5.1.2 Hoofdcontrolestations voor lading, controlestations, ruimten voor accommodatie en dienstruimten (met uitzondering van vrijstaande bergplaatsen voor gerei voor ladingbehandeling) moeten zijn gelegen achter alle ladingtanks, sloptanks en ruimten die lading- of sloptanks afscheiden van machineruimten, doch niet noodzakelijkerwijs achter brandstofolietanks en waterballasttanks, maar zij moeten zodanig zijn aangebracht, dat falen van een dek of een schot er niet toe kan leiden dat gassen of dampen uit de ladingtanks binnendringen in een ruimte voor accommodatie, hoofdcontrolestations voor lading, controlestations of dienstruimten.

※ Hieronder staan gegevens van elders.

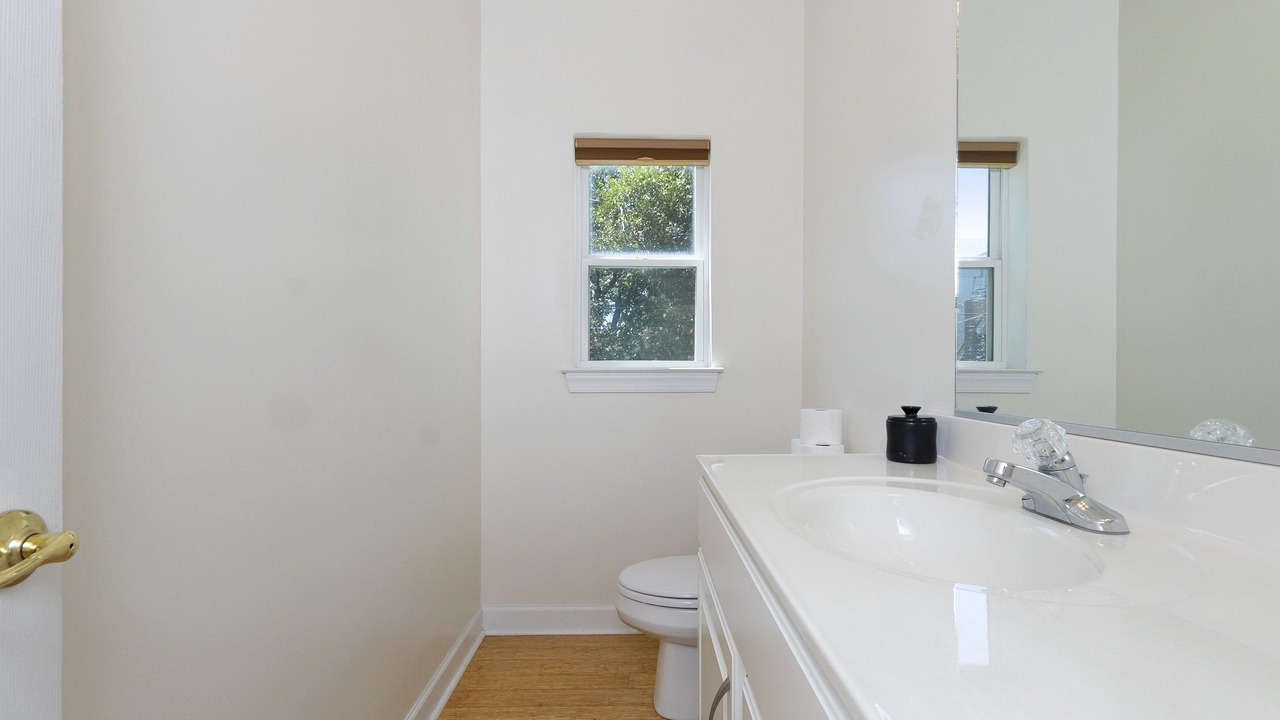 Photo of Bathroom in Willoughby Spit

Met een nis, mits in overeenstemming met het bepaalde in paragraaf 5.1.1, behoeft geen rekening te worden gehouden bij het vaststellen van de plaats van deze ruimten.
5.1.3 Echter, indien zulks noodzakelijk is, kan de Administratie toestaan dat hoofdcontrolestations voor lading, controlestations, ruimten voor accommodatie en dienstruimten zijn gelegen vóór ladingtanks, sloptanks en ruimten die de lading- en sloptanks afscheiden van de machineruimten, doch niet noodzakelijkerwijs voor brandstoftanks of waterballasttanks. Andere machineruimten dan die van categorie A mogen zijn gelegen vóór ladingtanks en sloptanks, mits zij van de ladingtanks en de sloptanks zijn afgescheiden door kofferdammen, ladingpompkamers, brandstofolietanks of waterballasttanks, en zijn voorzien van ten minste één draagbaar brandblusapparaat. In gevallen waarin zij verbrandingsmotoren of gasturbines bevatten, moet in aanvulling op draagbare brandblussapparaten worden voorzien in een goedgekeurd schuimblusapparaat met een capaciteit van ten minste 45 l of met gelijkwaardige capaciteit. Indien het gebruik van een half-draagbaar brandblusapparaat niet praktisch uitvoerbaar is, mag dit brandblusapparaat worden vervangen door twee aanvullende draagbare brandblusapparaten. Ruimten voor accommodatie, hoofdcontrolestations voor lading, controlestations en dienstruimten moeten zodanig zijn ingericht, dat falen van een dek of schot er niet toe kan leiden dat gassen of dampen uit de ladingtanks binnendringen in deze ruimten. Bovendien kan de Administratie toestaan, indien zulks noodzakelijk is voor de veiligheid of manoeuvreerbaarheid van het schip, dat de machineruimten waarin verbrandingsmotoren of gasturbines staan opgesteld, niet zijnde hoofdvoortstuwingswerktuigen met een vermogen groter dan 375 kW, vóór het ladinggedeelte zijn gelegen, mits de voorzieningen in overeenstemming zijn met het bepaalde in deze paragraaf.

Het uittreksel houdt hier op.